La période qui suit la libération est donc marquée par une véritable prolifération de lianhuanhua, cet art ayant reçu la bénédiction officielle du nouveau pouvoir, de nombreux artistes s'orientent désormais dans la BD. Malgré tout, à la veille de la Révolution culturelle, il ne manque pas d'œuvres qui s’écartent à leur façon du mot d’ordre général de lutte révolutionnaire pour la construction du socialisme, censé présider à toute création artistique. C’est précisément ce laxisme, depuis le mouvement des Cent Fleurs, qui est attaqué dès 1966. La condamnation s’étend à presque toutes les bandes dessinées publiées avant la Révolution culturelle et à leurs auteurs, la production connaît alors une chute vertigineuse. Les plus célèbres d’entre eux, parmi lesquels He Youzhi, ne sont pas épargnés. De 1967 à 1969, les rayonnages des librairies et des bibliothèques de quartier se vident de leurs petits livres. Seuls quelques vies de prolétariens et autres récits de la chasse aux agents secrets du Guomindang sont occasionnellement publiés. Les bandes dessinées prennent alors une forme différente, elles fleurissent sur les affiches murales et dans les journaux de gardes rouges vendus à la criée. Il s’agit immanquablement de satires féroces des dirigeants, à tous les niveaux, accusés d’avoir suivi la ligne de Liu Shaoqi, le « Khrouchtchev chinois ».
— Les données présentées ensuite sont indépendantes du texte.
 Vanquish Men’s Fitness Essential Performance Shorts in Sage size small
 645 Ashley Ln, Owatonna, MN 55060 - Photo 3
Le IXe congrès du Parti communiste chinois, en 1969, confirme la prééminence du noyau dur de la Révolution culturelle. Il introduit une période de relative stabilité au cours de laquelle des opéras modernes sont révisés par Jiang Qing, la femme de Mao Zedong, et baptisés « opéras révolutionnaires modèles » (geming yangbanxi, 革命样板戏). Toute création littéraire est alors appelée à s’en inspirer. La prise de la montagne du tigre par ruse (智取威虎山), premier lianhuanhua révolutionnaire à paraître en 1970, est tiré de l’une de ces pièces. Il en garde le titre et toutes les caractéristiques qui sont adaptées au genre spécifique que représentent les petits fascicules. On salue la naissance de son personnage principal, Yang Zirong, archétype du Héros révolutionnaire prolétarien. Dans cette œuvre, scénaristes et illustrateurs ont obéi à la règle des trois contrastes (santuchu, 三突出) : parmi tous les rôles faire ressortir les personnages positifs, parmi les personnages positifs faire ressortir les héros, et parmi les héros faire ressortir le héros principal.